On a superficial level, it’s like, I’ve worked on TV shows where the showrunners use a different screenwriting software. So you start and on day one, they’re like, “Oh, by the way, we want to switch you to this new software.” And you sit down to write and all the shortcuts are different and it feels like you’re typing with your non-dominant hand. And that just extends to everything — having to joke around in the writers room in the way that they want to joke around, or having to start the room at the time that they want to.
So I think the best part of my job is that I can just do it the way I want to do it. If I want to come in late one day because I was working super late the night before, I don’t have to feel bad about that.

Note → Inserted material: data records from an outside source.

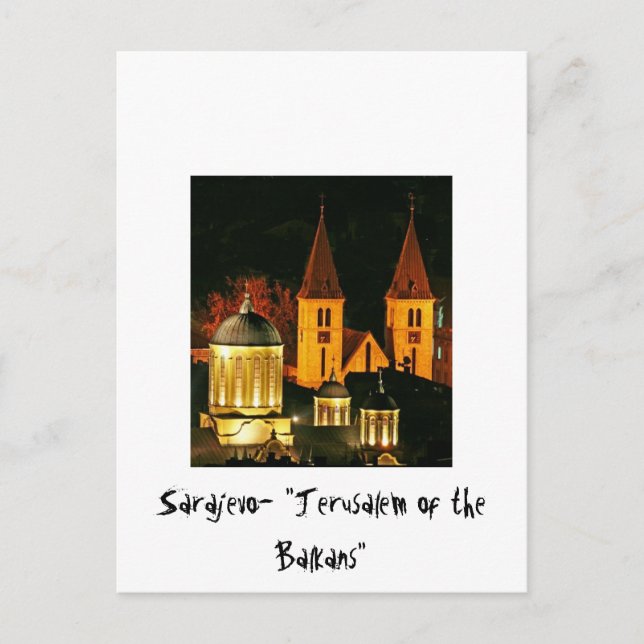 Sarajevo Jerusalem på Balcanerna Vykort (Framsida)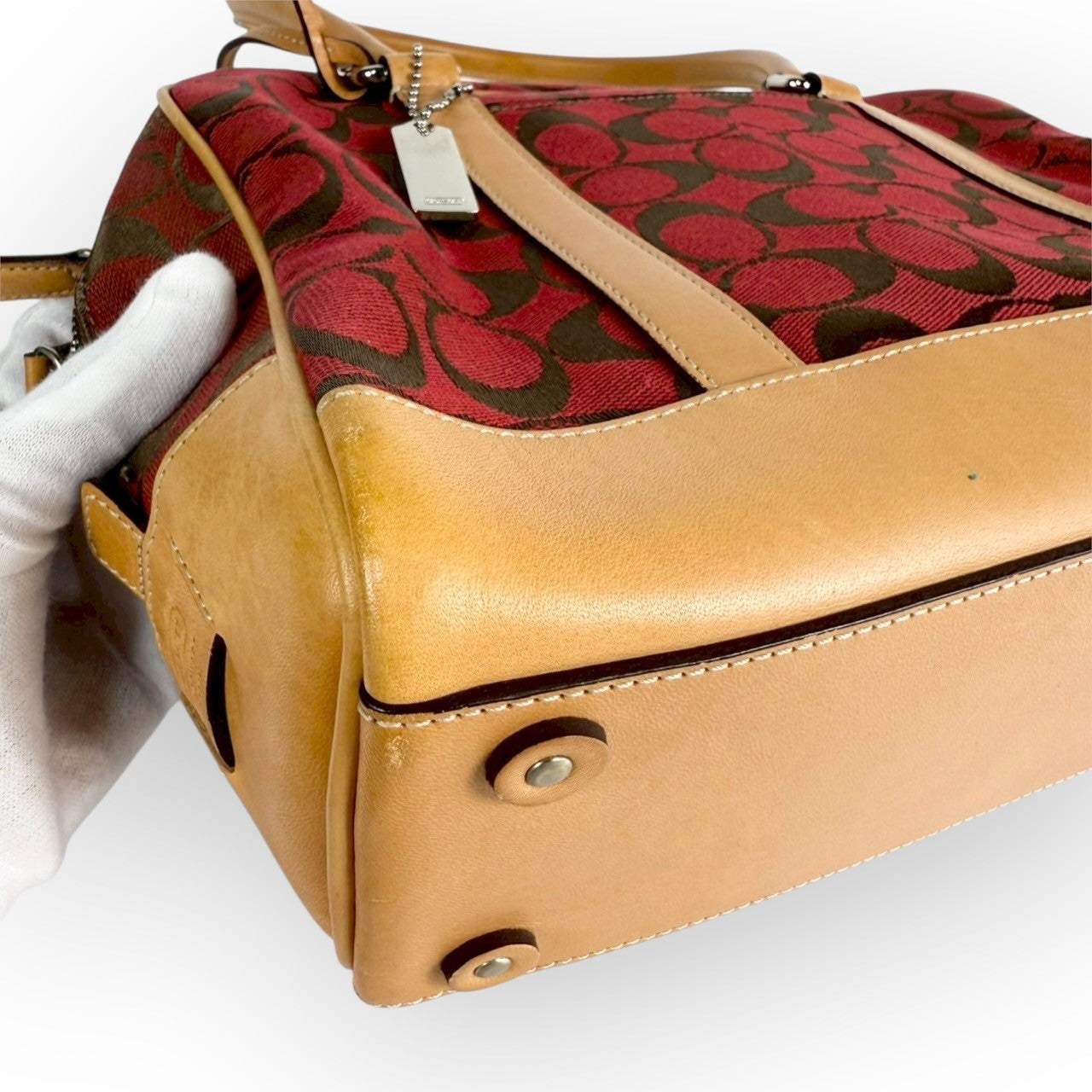 １１３ COACH コーチ ハンドバッグ シグネチャー レッド×ブラウン×ベージュ E1R 6097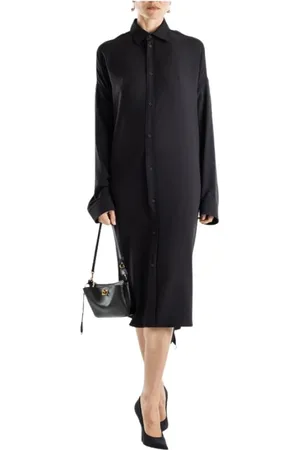 Balenciaga Kjole, Dame, Sort, S, Uld, Sort Snøret Skjortekjole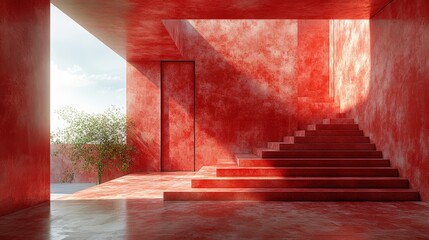 Poster - Minimalist red interior design featuring red walls and open doorways in a modern living space
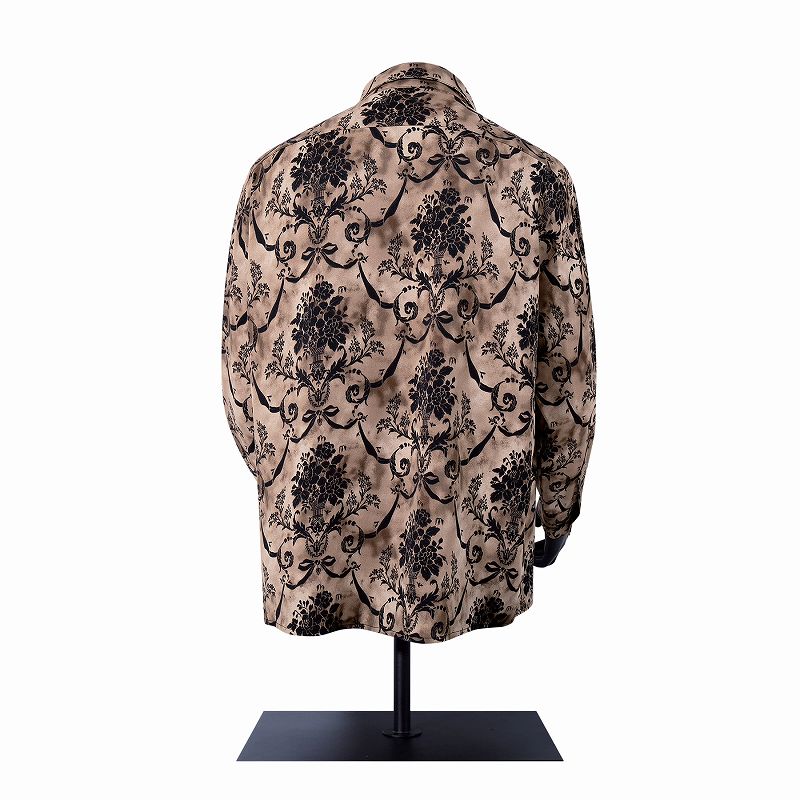 柄シャツ ダマスク柄長袖シャツ 男女兼用 エレガント総柄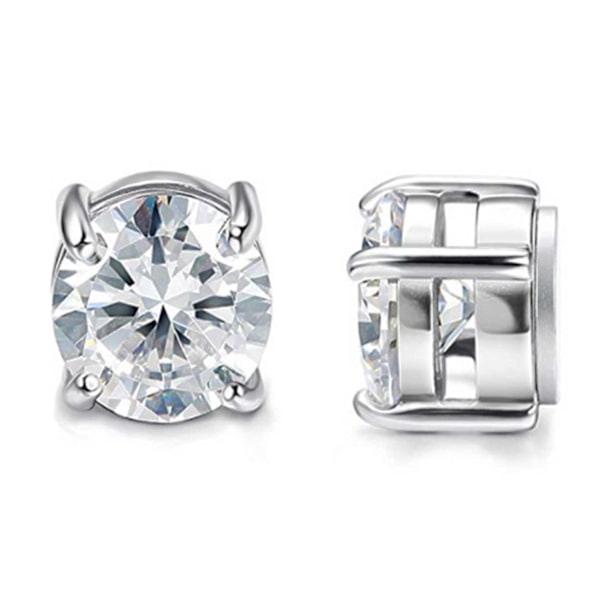 2-pack magnetisk piercing falsk øreringe krystal sølv sølv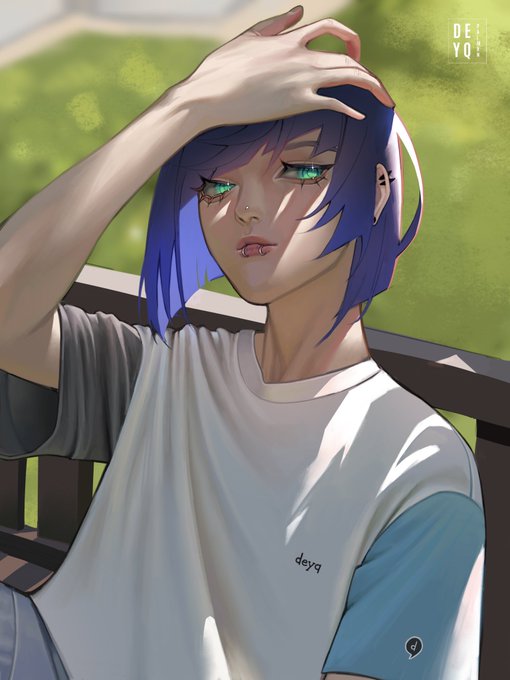 「blue hair contemporary」 illustration images(Latest)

Or if I want to, on one episode, call a bunch of people into my office and have everybody spitball on a scene, I can just do that and not have to worry about the showrunner being like, “Why did you take all the writers?” I love that.

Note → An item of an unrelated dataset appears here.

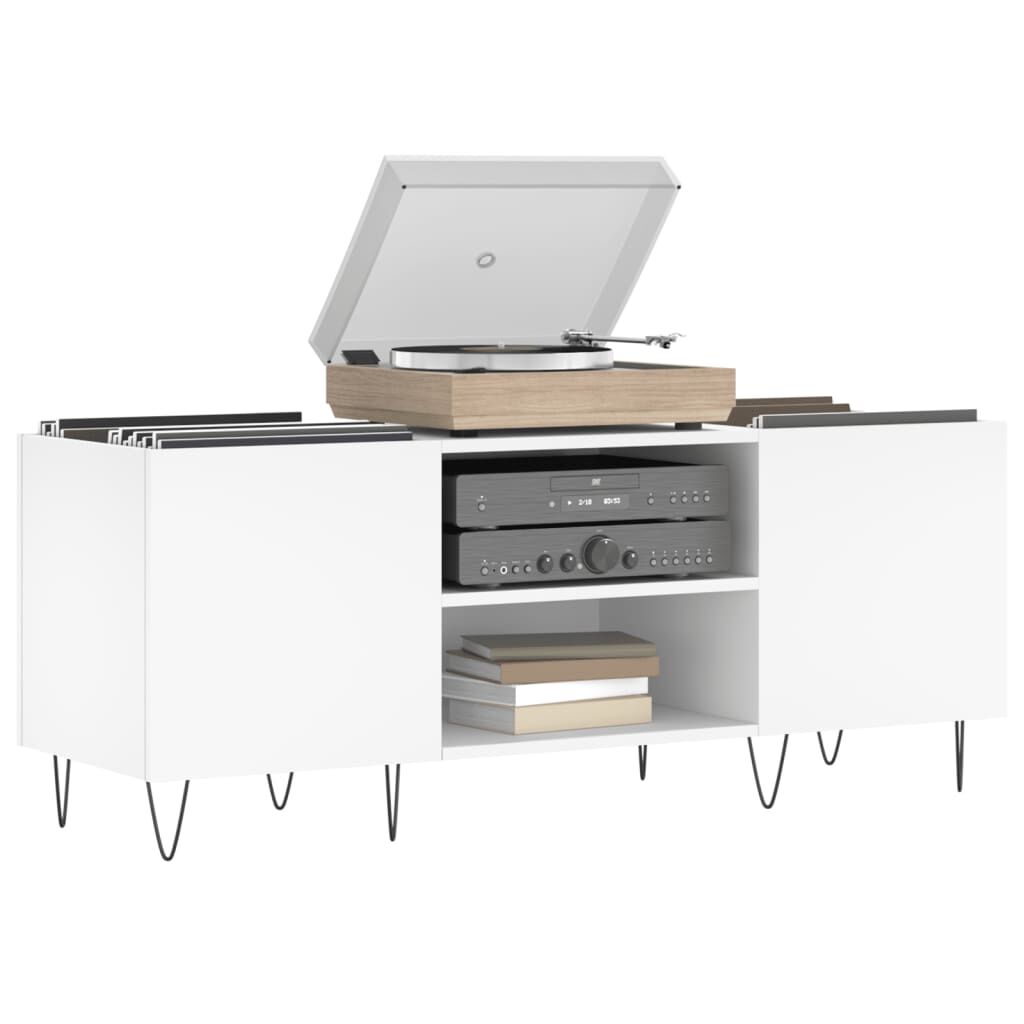 vidaXL Δισκοθήκη Λευκή 121 x 38 x 48 εκ. Επεξεργασμένο Ξύλο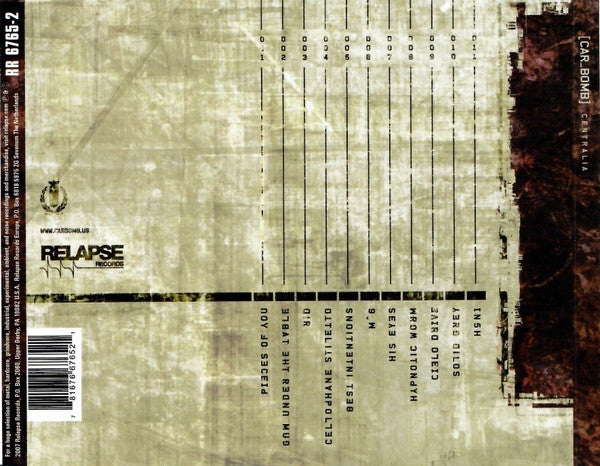 Car Bomb (2) : Centralia (CD, Album)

The worst part of the job… I mean, there’s certainly an adjustment period. Like I mentioned, a lot of showrunners are so into presenting themselves to the world as auteurs. And the reality, as I’ve experienced it, is that you’re still very much negotiating your vision. And it was difficult coming to terms with the fact that, you know, I can think that I’ve come up with the best ideas for the story and the best execution and the best idea for cast, and I can be told that I’m wrong by people who have the ability to stop me from making those decisions. And it kind of calls into question, like, okay, does that mean that I’m not as good an auteur as these other people who are out talking to the press about how they had a vision that was the same from day one to the end? That gets in my head sometimes.
We’re also in an era where there are high expectations for workplace behavior and mentorship and advancement. It’s very challenging to keep everybody happy. When I was coming up, there was more of a kind of military, regimented tone to the career of TV staffing, where you started at a lower rank and then you just moved up the pole by working hard and sacrificing your quality of life and paying your dues. And I’m not one of those people who think we should go back to that. But I do think that it’s become really important to explicitly set people’s expectations on the writer side — like, how many scripts are you gonna get in a season? What is the amount of rewriting that’s going to happen?
Twenty years ago, for a writer on staff to complain about being rewritten, and to do it in an official capacity — like, everybody bitches about it over beers or whatever, but to go to the studio and say, “I was completely rewritten by my showrunner.” It’s like, well, yeah, that’s the job of the showrunner. There’s just an expectation by some people now that they’ve been hired and empowered to be writers that are always going to get their words on the screen, and if you rewrite them, it’s demeaning or it’s bad.
This is something that you’ve actually seen writers do? Go above the showrunner, go to the studio and say, “My script was rewritten by my boss”?
Yeah. It hasn’t happened on my show, but I know showrunners who have had that happen to them. The specific cases that I’m aware of were newer writers, people within the first three or four years of their career. I do think we’ve done a really good job in a lot of ways of broadcasting that the TV culture is changing and it’s a place that encourages mentorship and nurturing writers. But I think that it’s set some people’s expectations too high.
You mentioned having to negotiate your vision. Is that against budget, is it against the network? Is it with your staff?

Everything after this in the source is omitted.